View from the house, Lauvlia, A trip back in time

A house built on love

Lauvlia finds itself nestled just on the edge of the Soneren lake in Sigdal, no more than a 30-minute drive from the popular Blaafarverket – a former cobalt mine, now turned museum – in the idyllic Buskerud county. It was on an afternoon drive that the Kittelsens came by the land, where they were to set up a house. “They completely fell in love with the place. Today, people describe a calm and peace when visiting, and I think it’s the same serenity that drew Inga and Theodor to the place so many years ago. Theodor took a tremendous amount of inspiration from the place, and a lot of his motifs are drawn from the nearby hills. Walking through this landscape is like walking through a catalogue of his work,” says Holm.

The Kittelsens finished their house in 1899 – just before the turn of the century. With eight children, chickens, sheep, a cat and some cattle, you can only imagine what a lively place it must have been. “The walls are steeped in joy and love. All over the house, both inside and outside, one can find little wood carvings and paintings made by Kittelsen himself. We can only interpret it as a token of him wanting to mark the place as his own, the place where he was at his happiest,” Holm continues.

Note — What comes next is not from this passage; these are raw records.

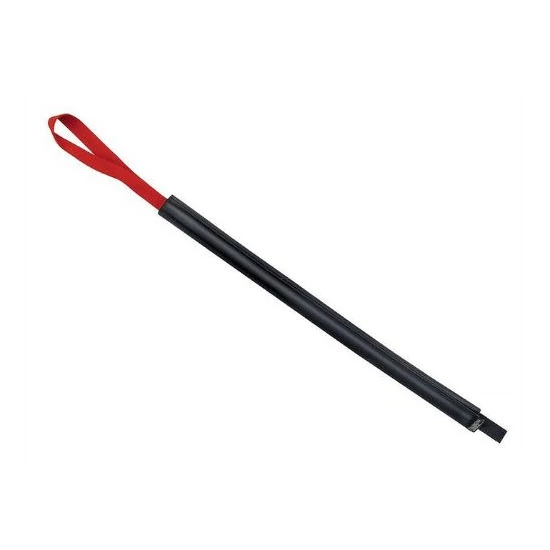 Singing Rock Rope protector 100cm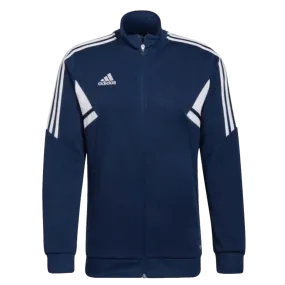 Adidas Condivo 22 Track Jacket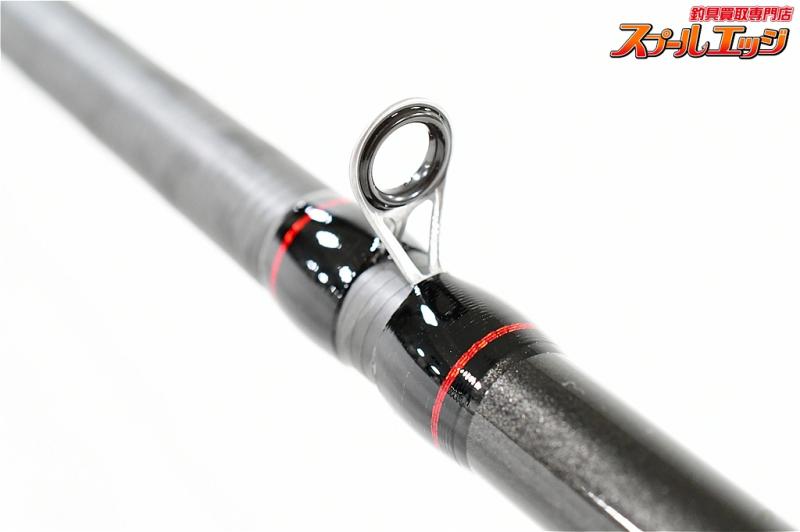 シマノ】 19カワハギ BB MH180 SHIMANO KAWAHAGI カワハギ かわはぎ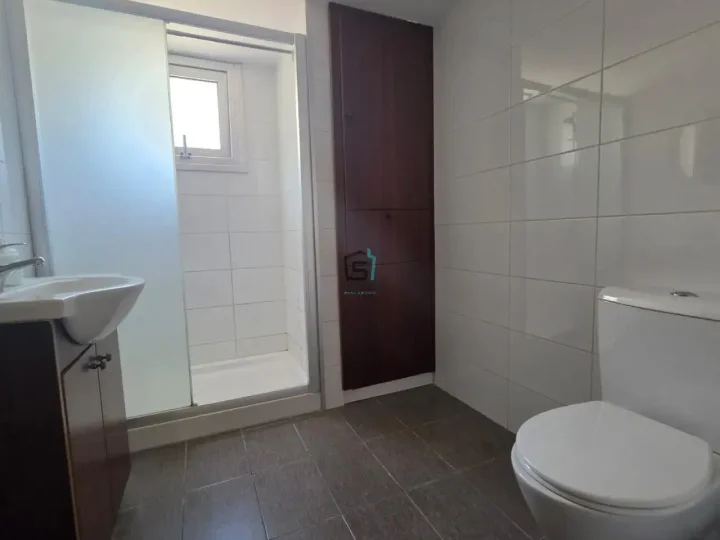 Apartments for rent 98 m² in Limassol, Limassol - Agia Fyla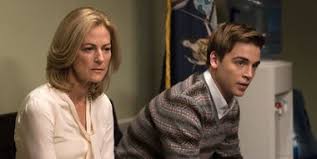 Svu season 22 episode 12, benson walks into a hostage situation at a neighborhood restaurant while in georgia, rollins on law & order: Watch Law Order Special Victims Unit Season 17 Episode 12 In Streaming Betaseries Com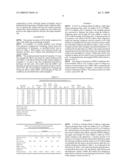 Processes for Controlling Catalyst Particle Morphology diagram and image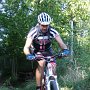 90 kg di energia pura in azione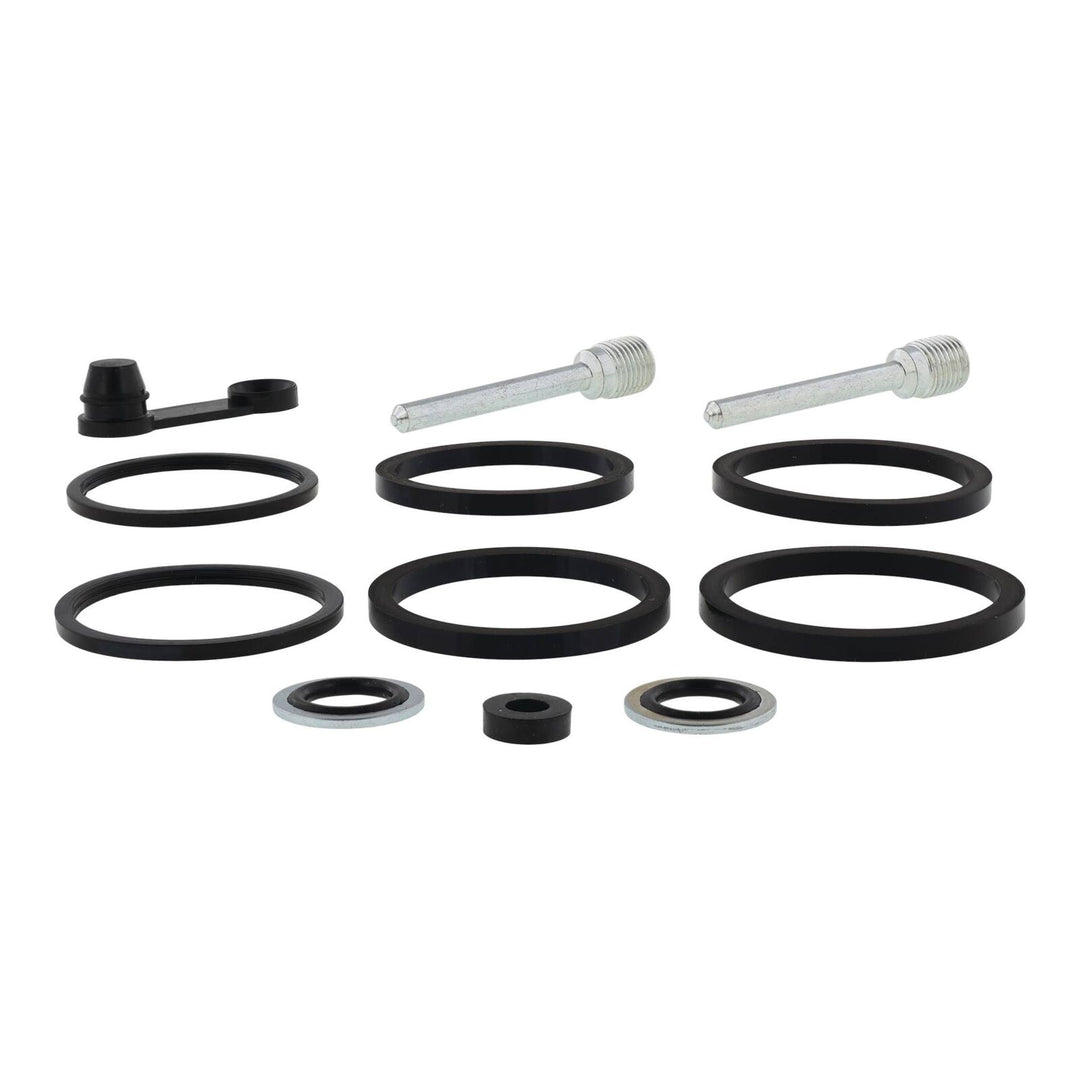 Caliper Rebuild Kit - 18-3353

Lauvlia, A trip back in time - Scan Magazine

More than a museum

Today, it is over 100 years since the Kittelsens left Lauvlia. Still, the place is almost identical to how they left it. “After the Kittelsens had to sell the house, due to hard financial times and the worsening of Theodor’s health, it fell into the hands of a family who used it only as a holiday home. The house has practically not undergone any change at all since the Kittelsens lived there. A lot of the original furniture has also been reinstated into the house, bringing the place back into its original state,” explains Holm.

The thoughtful curating of the house earned the museum an Olavsrose – The Rose of Olav – as a sign of distinguished work protecting an important piece of cultural heritage. The villa is more than just a museum of Kittelsen’s life. Part of the house is a gallery with a new exhibition every summer. The place is also an ideal destination for families. “We put a great focus on children when curating the villa into a museum. The old storehouse has been turned into a little atelier, where children can paint and draw on easels like real artists. Moreover, the hen house has been turned into a wood workshop,” says Holm.

Soria Moria, 1900, Lauvlia, A trip back in time

Soria Moria, 1900.

Serene surroundings

With a gorgeous view overlooking the lake, and the forest as its neighbour, Lauvlia makes for a wonderful place to spend a day. “There are some beautiful paths in the nearby area, with trolls peeking out here and there, making it a fun place for children and families to explore. We think that making the villa into more than just a conventional museum is important, and makes the history of the place more accessible – especially for children,” Holm continues.

With the kitchen of the former lady of the house, Inga, turned into a cafe selling waffles through the kitchen window (yes, this is practically the definition if idyll), it is definitely worth a visit.